Más conocida, seguramente, nos resulte la antigua cultura hebrea. A diferencia de las otras tres, Dios mismo, el Dios de Israel, se erige como el Gran Maestro, aquel que dictamina cuál es el tesoro que debe transmitirse de generación en generación:
“Oye, Israel: Jehová nuestro Dios, Jehová uno es. Y amarás a Jehová tu Dios de todo tu corazón, y de toda tu alma, y con todas tus fuerzas. Y estas palabras que yo te mando hoy, estarán sobre tu corazón; y las repetirás a tus hijos, y hablarás de ellas estando en tu casa, y andando por el camino, y al acostarte, y cuando te levantes. Y las atarás como una señal en tu mano, y estarán como frontales entre tus ojos; y las escribirás en los postes de tu casa, y en tus puertas (Deuteronomio 6: 4-9)”.

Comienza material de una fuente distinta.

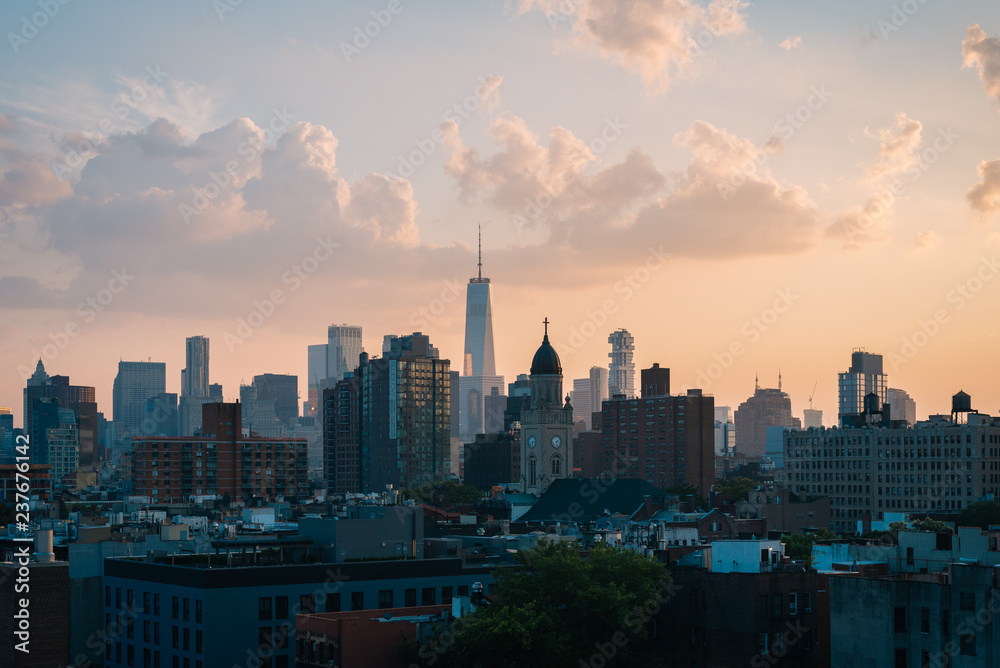 View of Midtown at sunset, in Manhattan, New York City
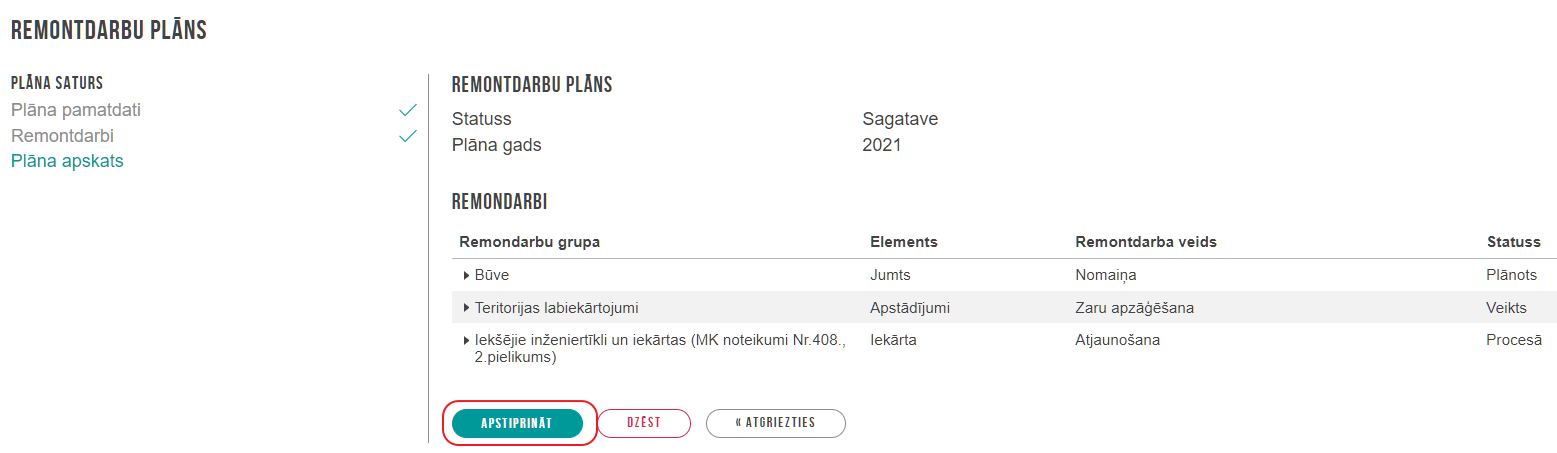 Attēls. Māju lietu remontdarbu plāns. Sadaļa %22Plāna apskats%22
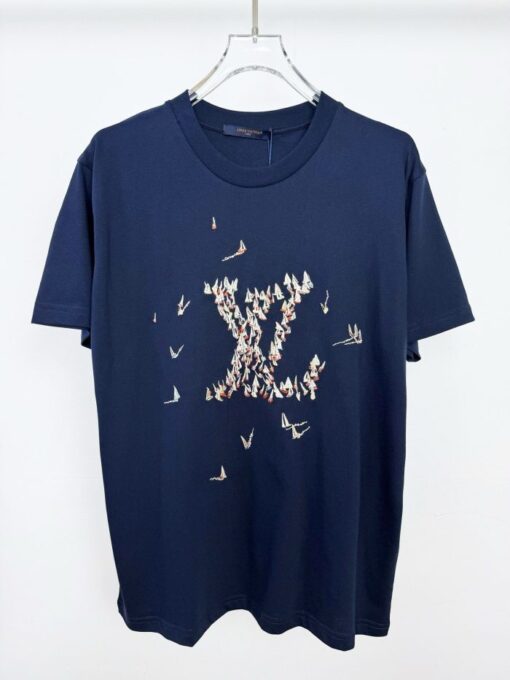 LV Embroidered Cotton T-Shirt Blue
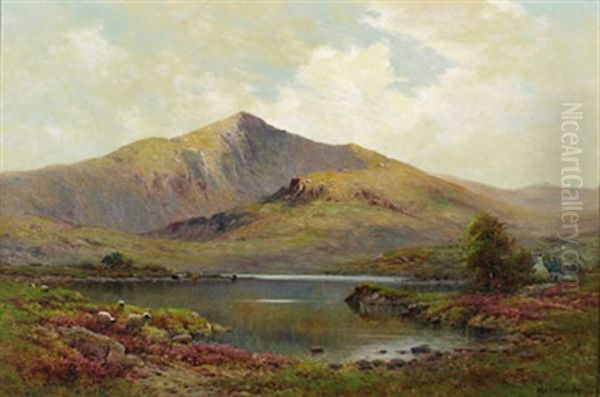 Snowdon From Llyn Dwyarchen, North Wales Oil Painting by Alfred Fontville de Breanski Jr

Algo excepcional que distingue a la cultura hebrea del resto es que Dios mismo es quien acude al encuentro no solo de cada individuo sino también de la comunidad. Dios es el Gran Maestro que enseña a su pueblo por dónde ha de ir.
En el Antiguo Testamento, Dios se presenta como amigo de Abram y le comparte una bendición que afectará a toda la humanidad. No existe ninguna cultura, distinta de la hebrea, en la que un dios se revele de manera personal a un individuo para enseñarle el camino que ha de seguir no solo él sino todo un pueblo; y no solo un pueblo, sino toda la humanidad.
No hay ninguna cultura antigua, excepto la hebrea, en la que un dios acuda al encuentro del ser humano convirtiéndose también en humano. El Creador acude al encuentro de la criatura. El Gran Maestro divino se convierte en maestro humano, “con minúscula”, para enseñarnos lecciones eternas: Yo soy el Camino, la Verdad y la Vida.
Jesús, el Hijo de Dios, el Verbo, se hizo carne y habitó entre nosotros. No hay gurú, ni sabio, ni gobernante poderoso que pueda superar la enseñanza que el Mesías nos transmitió. Tampoco hay maestro distinto de Jesús, que muriera por sus discípulos y después resucitara para dejarles el mayor de los legados, un mensaje lleno de esperanza: la vida eterna.
Él entregó voluntariamente su vida, murió en la cruz, y al tercer día resucitó. La tumba quedó vacía. Antes de partir, regresó una vez más al encuentro de los suyos, para que vieran su victoria y aceptaran el reto de vivir impartiendo una lección que no caduca: “id por todo el mundo y predicad el evangelio a toda criatura” (Marcos 16:15). Pero además, nos aseguró que no estaríamos solos.
Definitivamente, no. No existe un legado mayor que este. No hay una enseñanza que pueda superar en tiempo y en calidad la verdad del Evangelio, ni la fuerza y el poder de la Palabra de Dios: “mas el Consolador, el Espíritu Santo, a quien el Padre enviará en mi nombre, él os enseñará todas las cosas, y os recordará todo lo que yo os he dicho”.